By Susan Smallheer, as seen in the Brattleboro Reformer: https://www.reformer.com/stories/rockingham-in-action-priorities-meeting-is-wednesday,593961

ROCKINGHAM — The second meeting of Rockingham In Action, the community visit by the Vermont Council on Rural Development will be this coming Wednesday.

The second step of the “Let’s Take Action” visit will be held at the Rockingham Town Hall, from 6:30 to 9 p.m.

“We’re right in the middle of a six-month process,” said Paul Costello, the executive director of the council, which visits a handful of Vermont communities every year for the intensive brainstorming and planning process.

The town’s steering committee insisted on the name: Rockingham In Action, Costello said.

Costello said on Wednesday the 20 to 25 main ideas garnered from the Dec. 4 round-robin meetings in Bellows Falls will be presented, and people at the meeting will prioritize them by the end of the evening.

“They will set the focus,” he said, stressing that the meeting is open to all members of the public.

More than 200 people attended the nine meetings last month, and Costello said the steering committee went through what he called “26 pages of dense notes,” to help define the important things for Rockingham’s future.

“We see the same things being repeated. We block out the key ideas and we’ll put them up on the wall. We expect a good turnout again and we will share what we heard, and correct it if we missed it,” he said.

He called it a “championing session.”

“It’s not a debate. People will celebrate the thing they think is the most important,” he said.

He said during Wednesday night’s meeting the issues will be pared down to about eight areas that the town and its villages want to focus on.

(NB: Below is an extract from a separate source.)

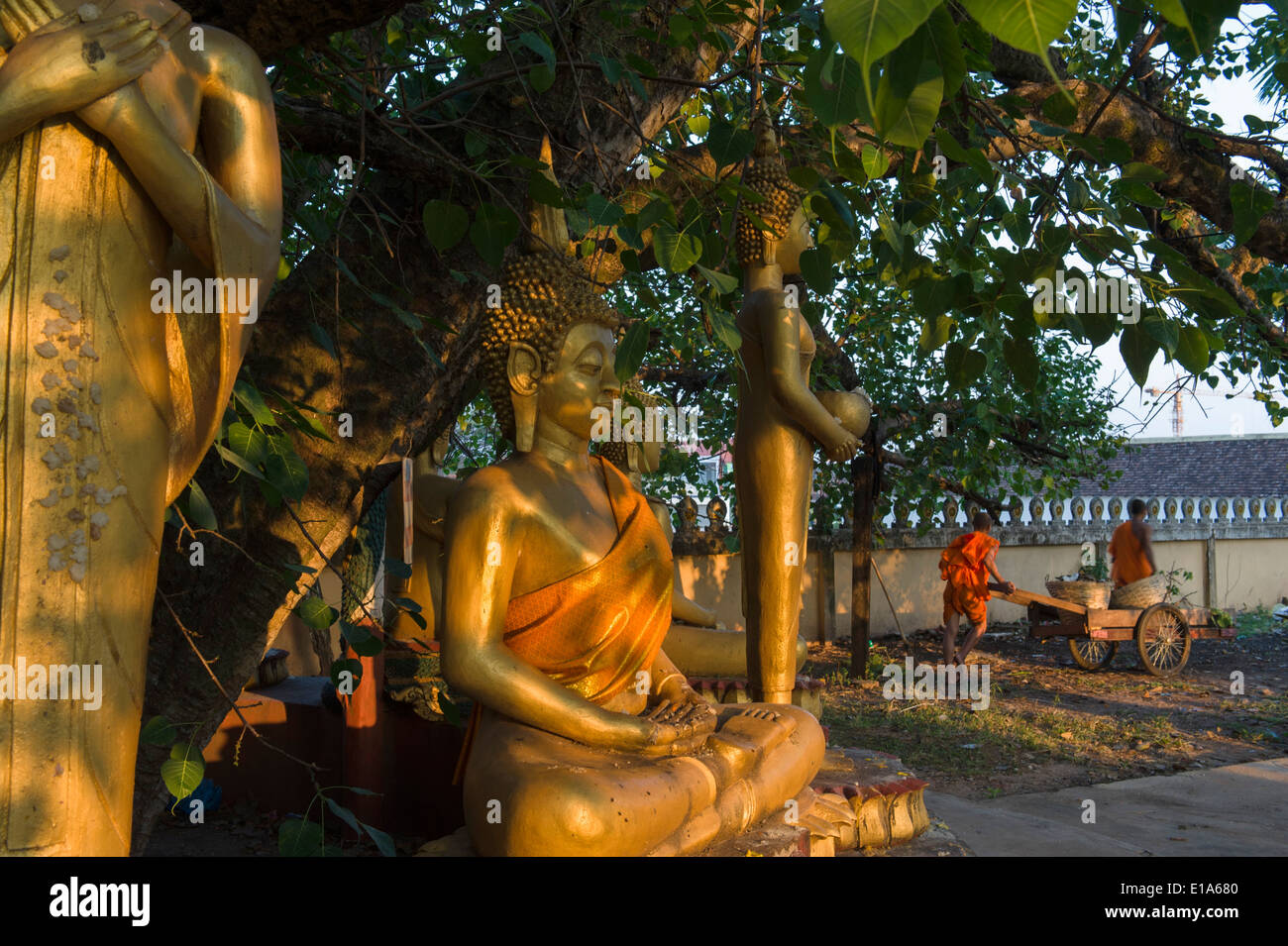 That Luang, Vientiane, Laos. Monks cleaning up after Loy Krathong. Stock Photo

At the end of Wednesday’s session, people will be asked to sign up for the various task forces that will be focused upon, he said.

“We expect a good turnout again,” Costello said. “We review all those ideas together.”

He said the top two dozen ideas will not be released until Wednesday night.

“All the decisions are made by local residents,” he stressed, “and all the action steps.”

The Rockingham visit steering committee is made up of a broad group of area residents, from all areas, and all levels of income. “We had ministers to artists to farmers and businessmen, to help us build a cross section of town,” Costello said.

The chairwoman of the steering committee is Teresa Matracia-Janiszyn of Bellows Falls, who is the farm stand manager of her family’s vegetable farm, Pete’s Stand in Walpole, N.H. Matracia-Janiszyn couldn’t be reached on Friday.

Costello said Matracia-Janiszyn will be working to coordinate the task forces. “We find it really works to have that core person to be the centerpiece of the wheel,” he said.

Costello said that while local residents are making the choices and decisions, the council has a network of state experts who can lend expertise.

“Rockingham wouldn’t be rebuilding the wheel,” he said. He said those experts would provide everything from the best funding sources and how to get the funding, as well as technical assistance.

The last meeting will be held in February, and a final report will be written and issued later in the year.